The red shaded regions in Figure 7 show composite constraints from longer-wavelength radio observations (see Figure 9 of Johnson et al. 2018). The light red shaded region corresponds to the composite (95% confidence) ranges of α and rin able to reproduce the refractive noise measurements at both λ = 3.6 cm and λ = 1.3 cm but unable to reproduce the non-Gaussian source morphology observed at 7 mm, which requires an inner scale rin < 2000 km. The dark red shaded region corresponds to the ranges of α and rin able to both reproduce the cm-wave refractive noise measurements and the non-Gaussian shape at λ = 7 mm. The lower limit of the red region corresponds to a lower limit of rin ≥ 520 km constrained by the Gaussian source morphology at 1.3 cm. Further details on these longer-wavelengths constraints are presented in Johnson et al. (2018). From the composite longer-wavelength model constraints and 3.5 mm size constraints in Figure 7, we conclude that the intrinsic source extent (FWHM) of Sgr A* along the scattering minor axis must be 100−105 μas. Future analysis of more recent longer-wavelength observations of Sgr A* can also further constrain the parameter space of the scattering model (I. Cho et al. in prep.).

4.2. Joint Modeling of Scattering and Source Parameters

Using only the 3.5 mm observations, we additionally simultaneously model the intrinsic source and interstellar scattering to obtain constraints on source and scattering parameters within the modeling and analysis framework Themis (Broderick et al. 2020). Themis provides a number of methods for handling data, defining models, addressing data systematic uncertainties, and sampling the resulting likelihoods. Because the model has closure phases that are identically zero (as is statistically consistent with our data), we fit only the 3.5 mm final visibility amplitudes obtained in Section 3.3, excluding those data points with an S/N less than 2 to avoid non-Gaussian errors (Thompson et al. 2017).

The primary output of Themis-based analyses are posteriors on model parameters implied by the input data. In this instance, to ensure global convergence, we use the parallelly-tempered Markov Chain Monte Carlo (MCMC) sampler: we employed the deterministic even–odd swap tempering scheme of Syed et al. (2019) with the automated factor slice sampler of Tibbits et al. (2014), which is very efficient for small numbers of model parameters.

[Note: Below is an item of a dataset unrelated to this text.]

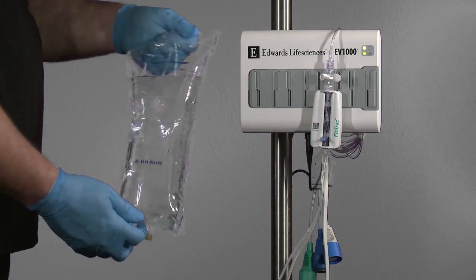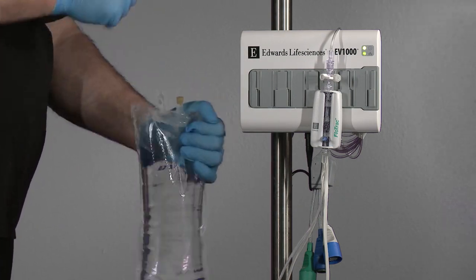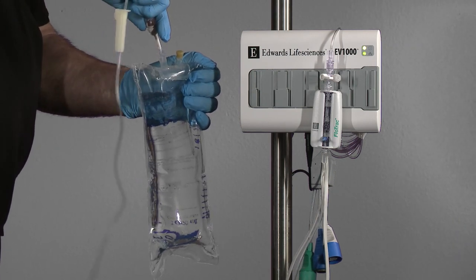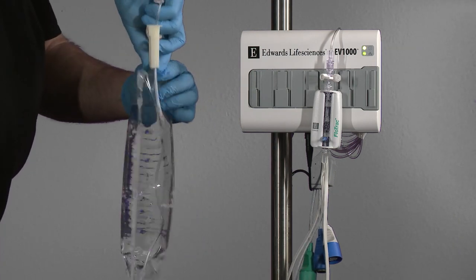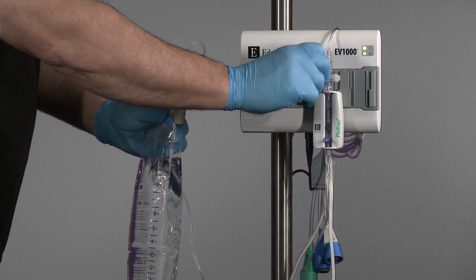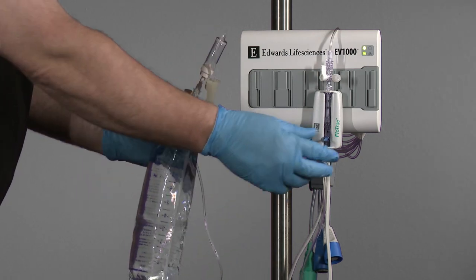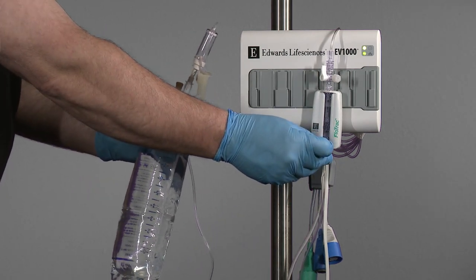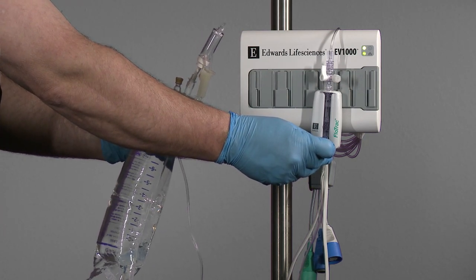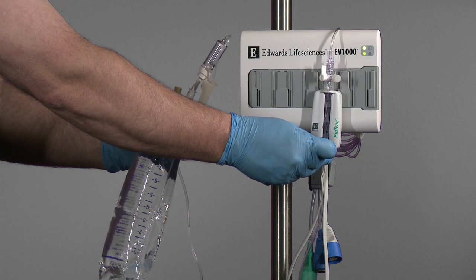Invert the flush bag, allowing air to rise to the base of the bag. Spike the flush bag with the fluid administration set. Turn the FlowTrack sensor stopcock toward the pressure tubing. While keeping the bag inverted, place pressure on the bag with one hand while pulling the flush tab on the sensor to evacuate air from the bag, and fill the drip chamber halfway or full, depending upon institutional preference.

Sgr A* is modeled as an elliptical Gaussian source convolved with a parameterized version of the anisotropic diffractive kernel described in Psaltis et al. (2018) and Johnson et al. (2018). The elliptical Gaussian source is parameterized in terms of a total flux density, averaged size, axial ratio (major-to-minor axis ratio), and position angle (ϕ) as described in Broderick et al. (2020), each with uninformative uniform priors. From these we construct the intrinsic source Gaussian major/minor axes (${\theta }_{\mathrm{maj}},{\theta }_{\min }$). Only the inner scale rin and power-law index α are permitted to vary, with the remaining scattering parameters already well constrained by prior data. For rin a log-uniform prior is assumed, ranging from 1 km to 107 km; for α a uniform prior is assumed on (0, 2).

To accommodate the refractive scattering component a constant 7 mJy noise floor is added in quadrature to the input data uncertainties; this is both conceptually and computationally much simpler than fully modeling the complex phase screen. Station residual multiplicative gain corrections are reconstructed and marginalized over via the Laplace approximation during the construction of log-likelihoods after imposing a Gaussian prior centered on unity with a standard deviation of 20% (see Section 6.8 of Broderick et al. 2020). Fitting gain amplitudes has an added practical benefit: when fitting mock data sets, produced with similar noise properties and baseline coverage to our observations of Sgr A*, we found that fitting the gain amplitudes effectively mitigated biases from refractive scattering. The derived residual multiplicative gain corrections are shown in Figure 9. Each data set was independently analyzed to avoid potential complications associated with source variation. Excellent fits were obtained in all cases. No qualitative differences in fit quality were found when analyzing both 2018 data sets together.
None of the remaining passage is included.